From the symbol perspective it perhaps makes a bit more sense. Adding the dependency forces the system to download the symbols for the dependent apps. If you just add the dependency for App 1‘ above, those symbols could be considered “incomplete” without also having the symbols for its dependencies, in this case Library.

I really (!!!) wish that we didn’t have to specify the extra dependencies. It would be nice if the compiler was able to figure out all of the downstream dependencies. An indirect dependency so to speak!?

The above scenario is fairly simple, but imagine this one:

  • ISV ‘AA’ creates a ‘app b’ that has a dependency on ‘app a’.
  • ISV ‘BB’ creates ‘app c’ that extends ‘app b’. 2 dependencies needed here (a, b).
  • ISV ‘BB’ sells ‘app c’ to a customer who then extends it even more with ‘app d’. This new app requires 3 dependencies (a, b, c).

…..look at all the apps now that have to be updated when ISV ‘AA’ releases a new version of ‘app b’? In an agile saas world, rapid small incremental releases are a reality. Is this also going to be magnified once Microsoft breaks down the main application into smaller (and perhaps dependent) apps?

Oh…in case you don’t know or don’t remember how to add dependencies to your app?
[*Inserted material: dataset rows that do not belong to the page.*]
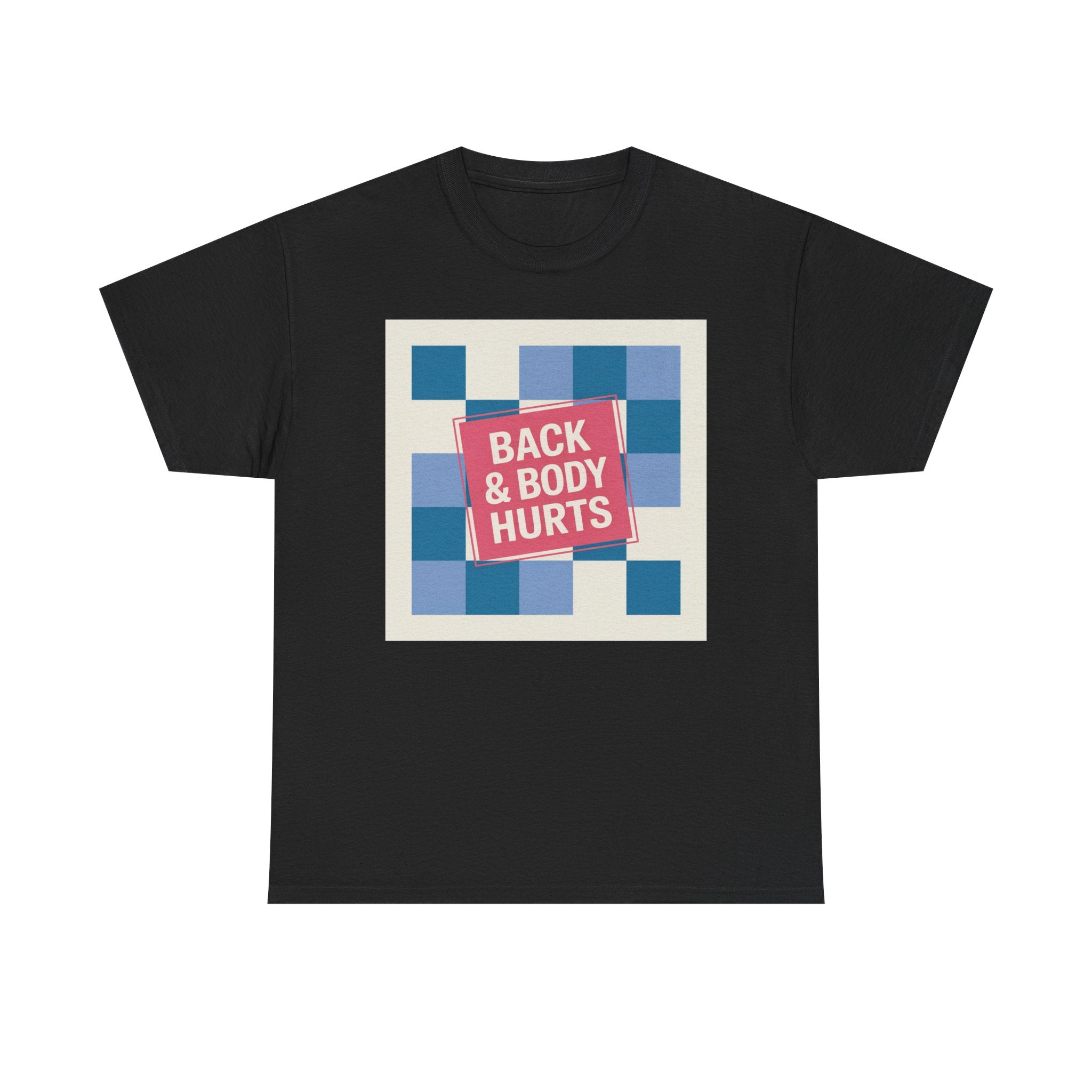 Back & Body Hurts Unisex Heavy Cotton Tee | Comfort T-Shirt for Casual Days, Gift for Friends, Relaxation Wear, Funny Statement Shirt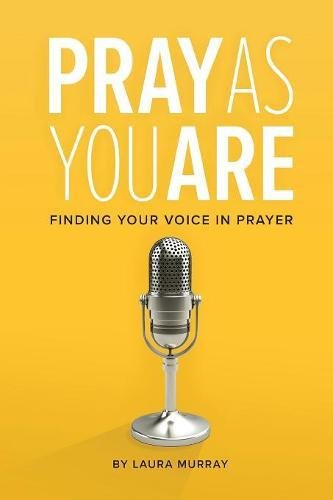 [Book] Pray As You Are: Finding Your Voice in Prayer<br />[D.O.C]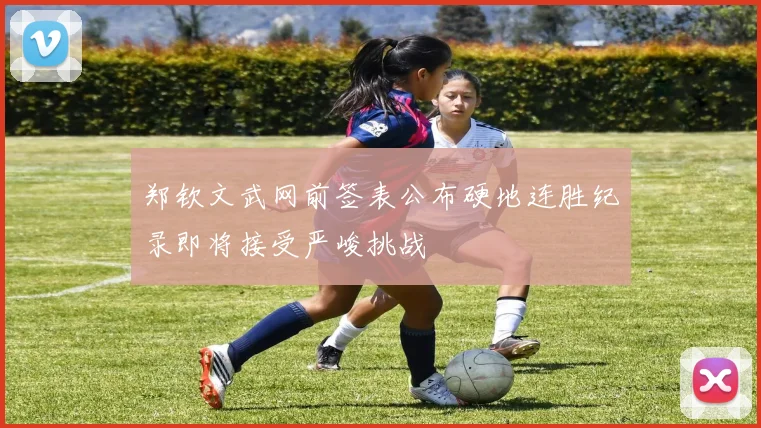 郑钦文武网前签表公布硬地连胜纪录即将接受严峻挑战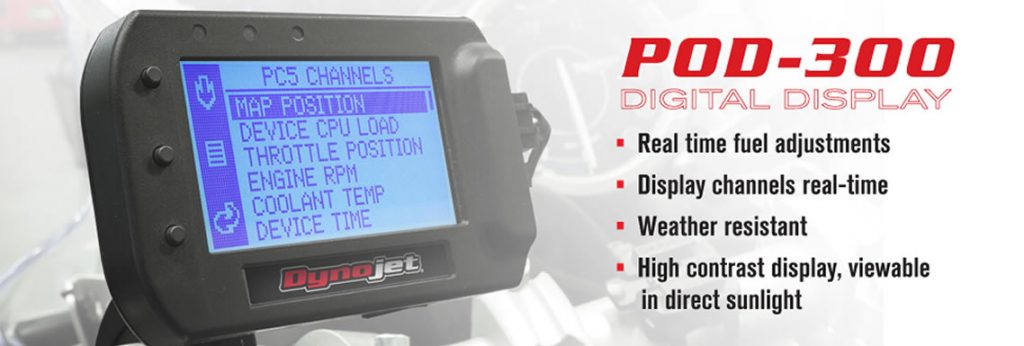 The POD-300 is an accessory display for Dynojet devices that support DJ-CAN; including the popular Power Commander V, AutoTune, WideBand 2, and CMD. Simply connect the included CAN cable and you’re ready to go; there’s no need to tap power or deal with other messy connections. Need to adjust your tune in the field, or datalog the supported channels to further refine your tune? No problem, with the POD-300 you’re just a few clicks away from taking advantage of the many features with it’s easy to use menu system.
It’s done in the app.json file in each app. See below for an example of what the app.json would look like in the ‘test app 1’ from the above example….

So how did I find this? As I mentioned, I’m working on a new build pipeline for our apps. My goal is that the pipeline will dynamically handle the dependencies so that it will update all of the versions in the app.json without the developer having to worry about that. After all, the build numbers are being generated from Azure DevOps so the developer is not going to know what the build numbers of the dependent apps will be. This little dependency hiccup caused a little bit of a wrench in my original plans.

More to come on the build pipeline later……..but spoiler alert… is working!!

Until next time…happy coding!

Dynamics 365 + Power Platform April 2019 Release Notes Now Available!

Microsoft announced today that the April 2019 release notes for Dynamics 365 and the Power Platform are now available for download. These notes cover all products within these platforms, but for readers of this blog, you’re likely most interested in what’s coming for Business Central.

You can get the release notes here.

A few highlights of new end-user functionality for Business Central are:

  • Base application as an app (!!)
    • Yes, one of the things I’m looking forward to most is that we’re getting the base application moved from CAL objects to 2 AL extensions – system and application. Yes, the end of C/Side is coming.
  • Add multiple items to a sales or purchase order at once.
  • Name and description fields on master/document/journal records increased from 50 to 100 characters.
    • Watch out for this one in your ISV solutions as you may need to increase your field sizes to match!
  • New Physical Inventory Order and Physical Inventory Recording interfaces to enhance physical inventory functionality.
  • Set an expiration date for your sales quotes.
  • Merge duplicate customer and vendor records (!!).
  • Configurable reports for warehouse documents.
  • Save your filtered list views (!!).
  • Document focus mode – expend the item section on documents to see more data for faster entry.
  • More keyboard shortcuts – show/hide fact box, add item, previous/next navigation, etc.
  • Adjust field importance via personalization.
  • Page inspection – See all data elements of the current page record…….think the old ‘page zoom’ but even better!

The April 2019 release also includes improvements for developers working with AL extensions, such as:

  • Optimizing the experience of using VS Code with large projects.
  • new Outline View to show the symbol tree in teh current editor.
  • The in-client designer no longer makes dependencies on all apps, only the ones that have been used in the designer.
  • Attach to an existing client session for debugging.
  • Code Actions – have VS Code suggest ways to improve your code.
  • More protection for ISV’s over their IP.
  • Standard web API moving out of beta. Will support webhooks, OAS 3.0, OData v4, and versioning.

As noted in the release notes, the above features are things that are slated to be released anywhere between April 2019 and September 2019. Some of the features may be available for preview as early as February 2019.

The above is just a highlight of what’s coming down the road for Business Central and as you can see we are in for quite a lot of new features and quite a few old features that are being resurrected in a new a better way.